Il me semble que pour s'assurer du regard citoyen, non-expert, il est important de poser un cadre concernant les attentes vis-à-vis du panel citoyen dès le départ de la démarche. Ensuite, il me semble que c'est de saisir les grands enjeux pour un territoire donné qui est important, au-delà de comprendre dans le détail les unités hydrologiques, les VP ou les DOE, afin d'identifier plus clairement les espaces parfois inattendus où des suggestions citoyennes peuvent trouver leur place.

La plus-value citoyenne : un équilibre délicat, mais avant tout, un regard sensible sur des questions complexes

La difficulté alors, et c'est la prochaine phase de notre accompagnement, c'est de s'assurer que les considérations citoyennes se retrouvent dans le document du PTGE et se traduisent par des actions concrètes appropriables. Par exemple, une fois que le groupe a identifié que le développement du territoire est actuellement basé un modèle d'expansion (le grignotage des surfaces agricoles, le développement de certains secteurs agricoles, l'expansion des zones artificialisées en Loire-Atlantique, etc) et que ce modèle est difficilement compatible avec la réduction des prélèvements en eau, comment est-il réellement possible de traduire cela par un programmes d'actions à mettre en œuvre localement ? Comment sortir de visions générales qui relèvent de politiques nationales pour les faire "atterrir" ici sur le bassin versant de Grandlieu ?

La tentation est de proposer des solutions techniques qui permettent par exemple de diminuer la consommation d'eau tout en maintenant des activités économiques productivistes (par exemple le maraichage intensif qui a fait des efforts impressionnants pour diminuer sa consommation d'eau et qui continue de produire des tomates en hiver en réponse à la demande du consommateur).

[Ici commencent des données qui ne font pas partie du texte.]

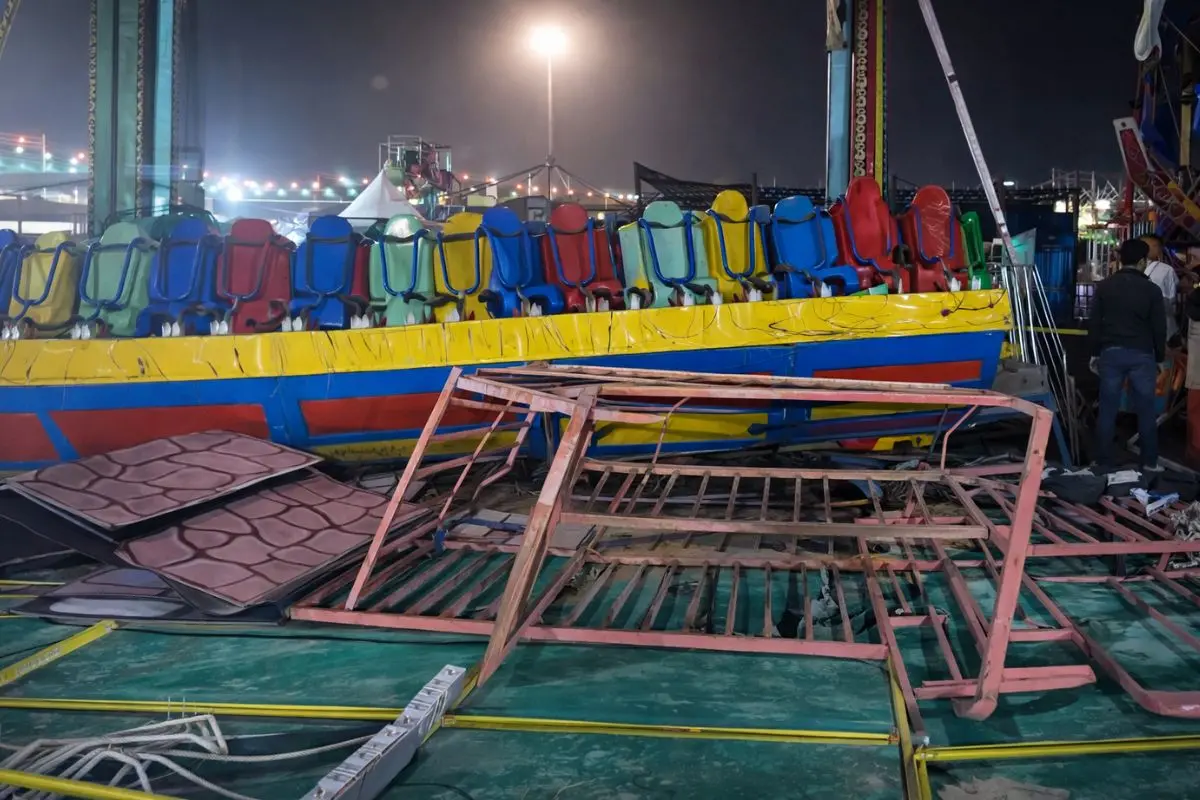 Twisted metal barricades and a damaged swing ride lie strewn at the Surajkund International Crafts Mela in Faridabad after the amusement ride collapsed on Saturday night, killing one and injuring several others. (PTI Screengrab)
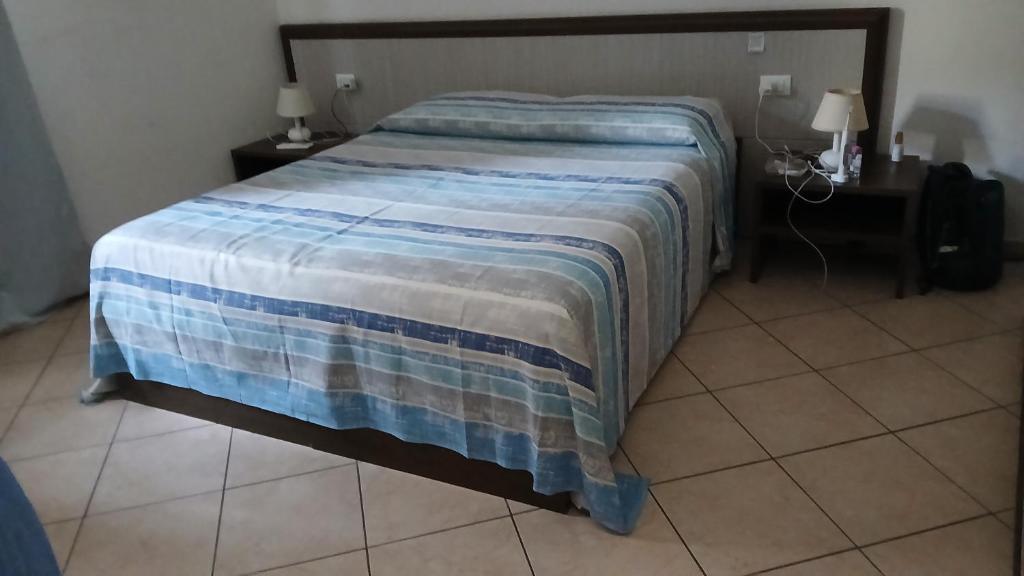 Postel nebo postele na pokoji v ubytování Domo - Guest-House Il Nespolo Fiorito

Mais le groupe est ni expert ni légitime pour ce faire et à mon sens il passerait à côté de ce qu'il peut apporter comme plus : un regard distancié et empreint de sensibilité qui vient requestionner nos modèles actuels. Notre rôle sera de veiller à trouver cet équilibre entre des prismes techniques et professionnels, humains et sensibles, pragmatiques et réalistes pour que le groupe citoyen influe véritablement le plan d'actions prévu dans le PTGE, et ce en dialogue et aux côtés des experts.